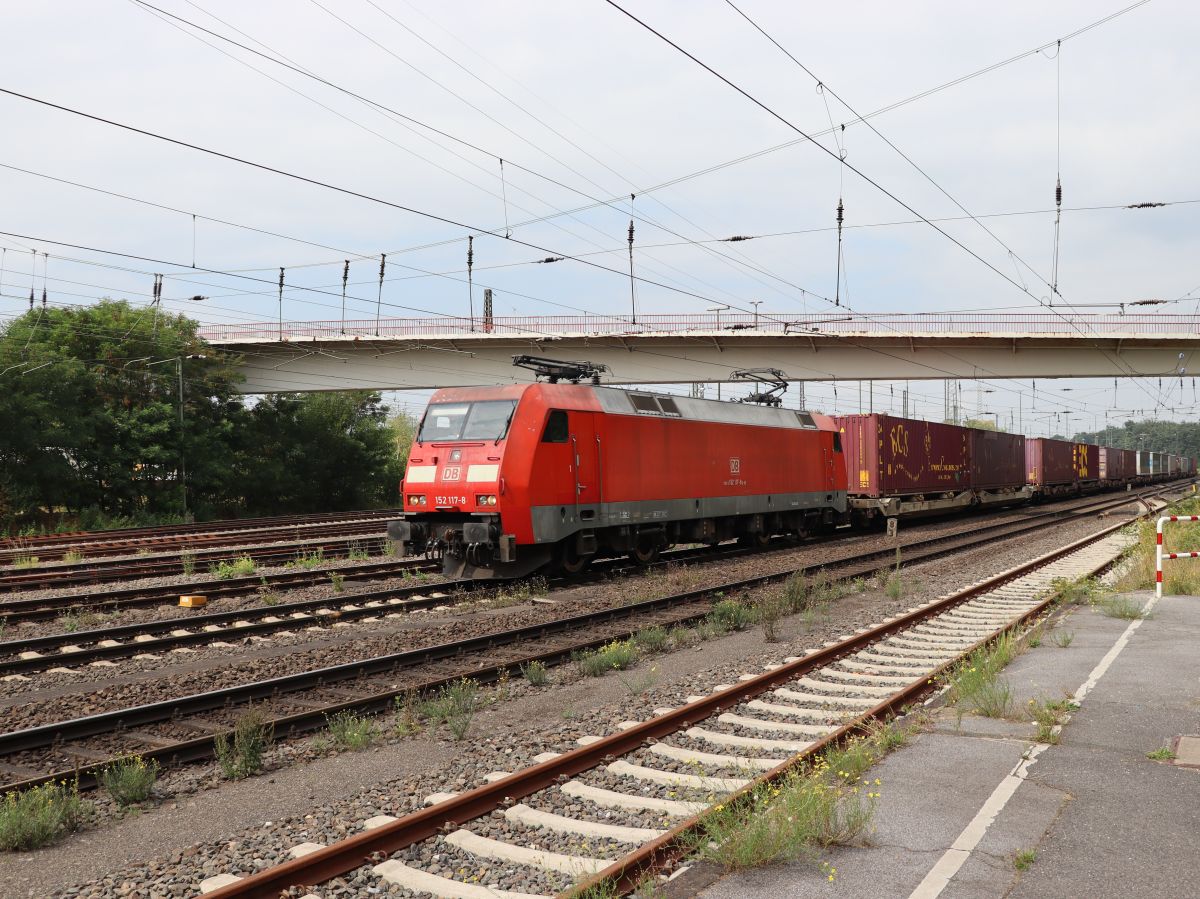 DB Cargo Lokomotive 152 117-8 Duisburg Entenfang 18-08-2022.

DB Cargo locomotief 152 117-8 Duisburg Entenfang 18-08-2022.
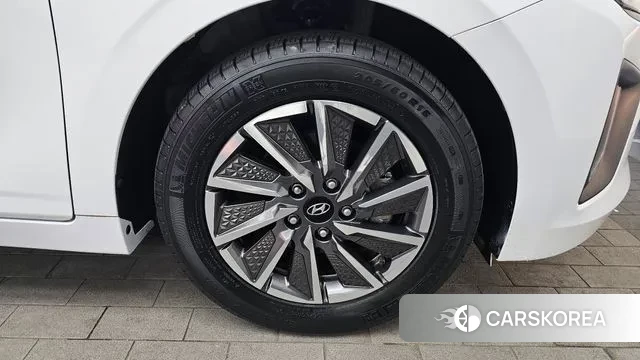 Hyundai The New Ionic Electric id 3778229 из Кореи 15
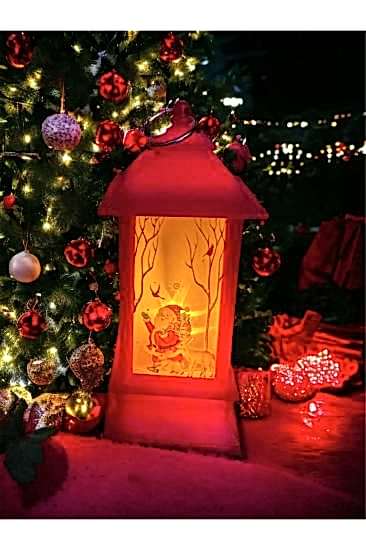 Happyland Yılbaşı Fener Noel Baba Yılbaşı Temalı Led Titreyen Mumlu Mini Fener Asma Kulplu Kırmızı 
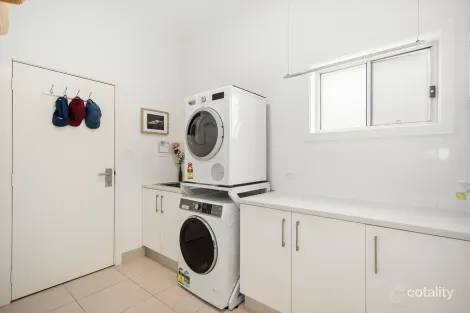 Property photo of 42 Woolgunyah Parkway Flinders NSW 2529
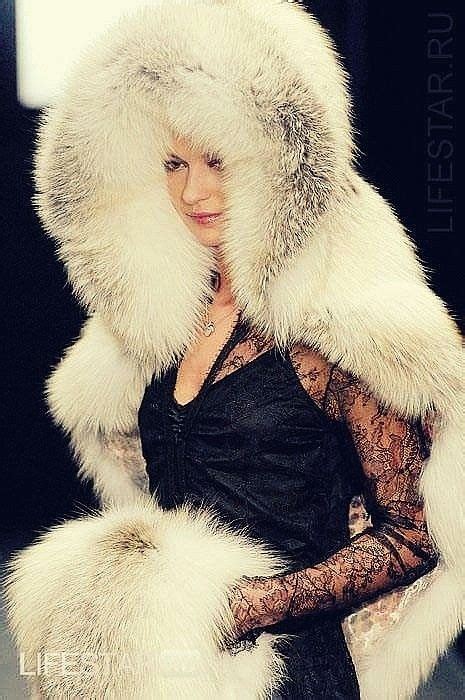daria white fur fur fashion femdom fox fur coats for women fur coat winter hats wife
━━━━━━
REQUIRED ACTION: Each line of the records above must be repeated exactly, but no picture belongs in the copy.

EXERCISE RESULT:
 DB Cargo Lokomotive 152 117-8 Duisburg Entenfang 18-08-2022.

DB Cargo locomotief 152 117-8 Duisburg Entenfang 18-08-2022.
 Hyundai The New Ionic Electric id 3778229 из Кореи 15
 Happyland Yılbaşı Fener Noel Baba Yılbaşı Temalı Led Titreyen Mumlu Mini Fener Asma Kulplu Kırmızı 
 Property photo of 42 Woolgunyah Parkway Flinders NSW 2529
daria white fur fur fashion femdom fox fur coats for women fur coat winter hats wife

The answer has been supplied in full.